Concrete, Behavioral, Symbolic Educator Nitza Hidalgo (1993) has developed a model to help us look at culture and how the components of our individual cultures might be categorized.

  1. Concrete (see): This level of culture is the most visible and tangible level of culture, and includes the most surface-level dimensions such as clothes, music, food, games, etc. These aspects of culture are often those which provide the focus for multicultural festivals or celebrations.
  2. Behavioral (act): This level of culture clarifies how we define our social roles, the language we speak, and our approaches to nonverbal communication. The behavioral level reflects our values. Aspects to be listed in this category include language, gender roles, family structure, political affiliation, and other items that situate us organizationally in society.
  3. Symbolic (think): This level of culture includes our values and beliefs. It can be abstract, but it is most often the key to how individuals define themselves. It includes values systems, customs, spirituality, religion, worldview, beliefs, and mores.

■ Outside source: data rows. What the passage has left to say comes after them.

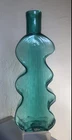 VINTAGE BLENKO GLASS PUZZLE PIECE BOTTLE VASE 8904 HANK ADAMS TEAL 15.75"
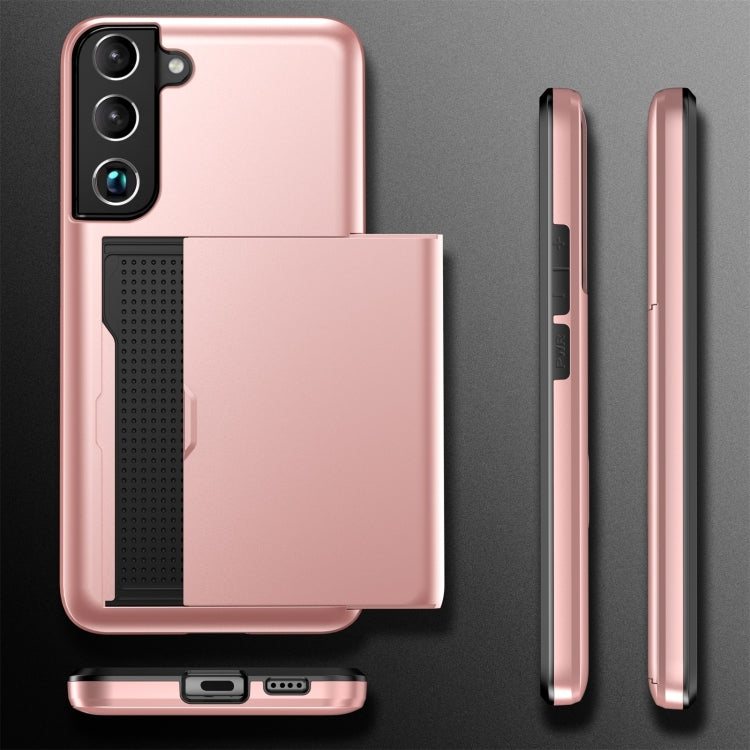 For Samsung Galaxy S24 5G Shockproof Armor Phone Case with Card Slot(Rose Red) - Galaxy S24 5G Cases by PMC TechLife | Online Shopping South Africa | PMC TechLife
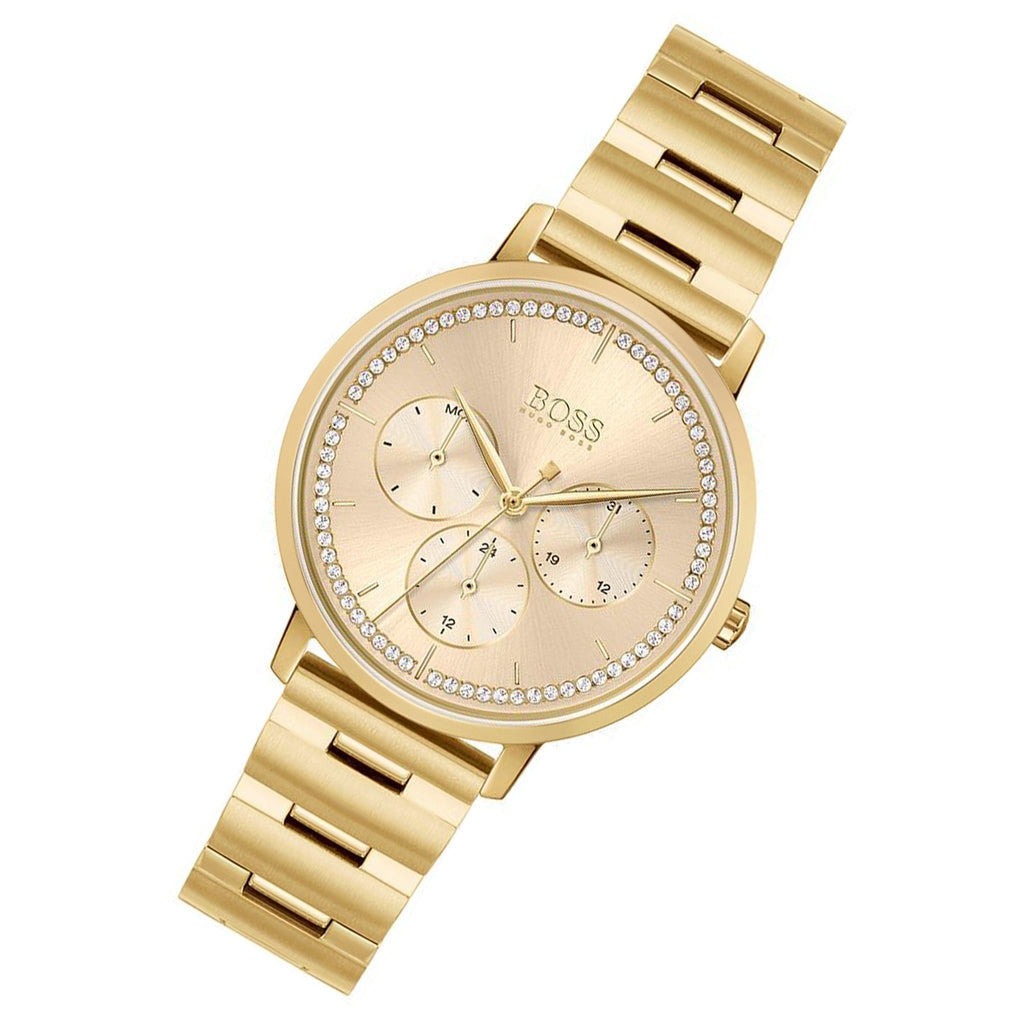 Hugo Boss Prima Gold Dial Gold Steel Strap Watch for Women - 1502572 Buy Now By Hugo Boss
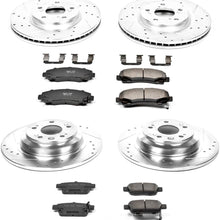 Power Stop K5856 Front & Rear Brake Kit with Drilled/Slotted Brake Rotors and Z23 Evolution Ceramic Brake Pads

The Interactive Practice on the levels of culture gives you the opportunity to explore this model further. This interactivity requires Flash. Use the PDF version if you are unable to open the Flash activity or want to print the practice.

Content Integration

Now think about your past experience with multicultural education.

Teachers use several different approaches to integrate content about racial, ethnic, and cultural groups into the curriculum. One of the most popular is the Contributions Approach. When this approach is used, teachers insert isolated facts about ethnic and cultural group heroes and heroines into the curriculum without changing the structure of their lesson plans and units. Often when this approach is used, lessons about ethnic minorities are limited primarily to ethnic holidays and celebrations, such as Martin Luther King's Birthday and Cinco de Mayo. The major problem with this approach is that it reinforces the notion, already held by many students, that ethnic minorities are not integral parts of mainstream U.S. society and that African American history and Mexican American history are separate and apart from U.S. history.

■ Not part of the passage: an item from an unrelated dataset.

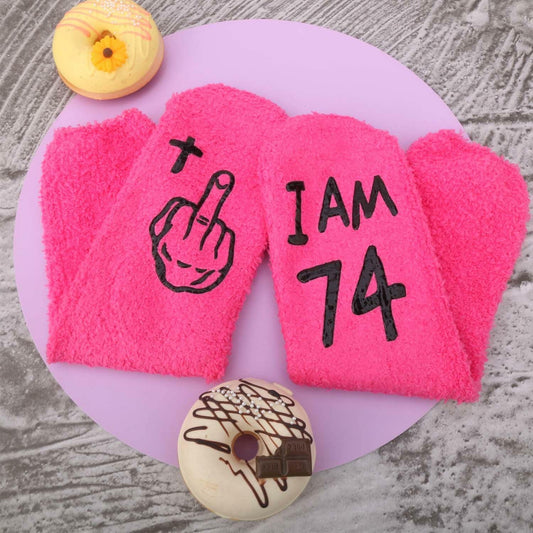 Luhiew 75th Birthday Funny Socks for Women Grandma Wife – Rose Red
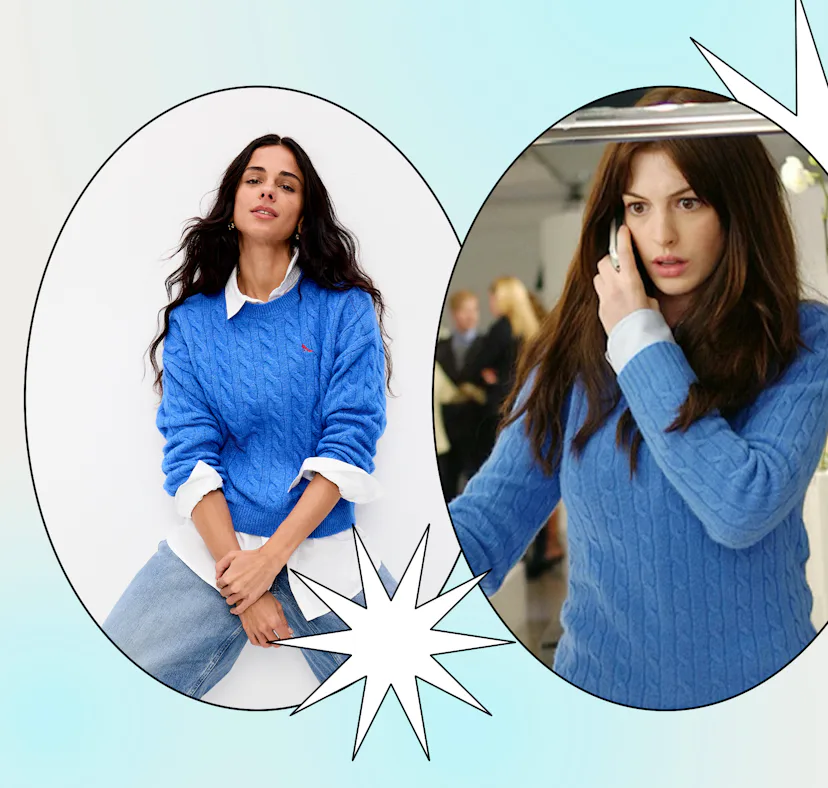 Old Navy has a 'Devil Wears Prada 2' collection with the iconic cerulean blue sweater.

The Additive Approach is also frequently used by teachers to integrate content about ethnic and cultural groups into the school curriculum. In this approach, the organization and structure of the curriculum remains unchanged. Special units on ethnic and cultural groups are added to the curriculum, such as units on African Americans in the West, Indian Removal, and the internment of the Japanese Americans. While an improvement over the Contributions Approach, the Additive Approach is problematic because ethnic and cultural groups remain on the margin of the mainstream curriculum. (Banks, n.d.) (Emphasis added)

Isolated facts, holidays, and celebrations, are all examples of the concrete level of culture. Focusing exclusively on the concrete level of culture in our curriculum can be problematic, even though it is often done with good intentions.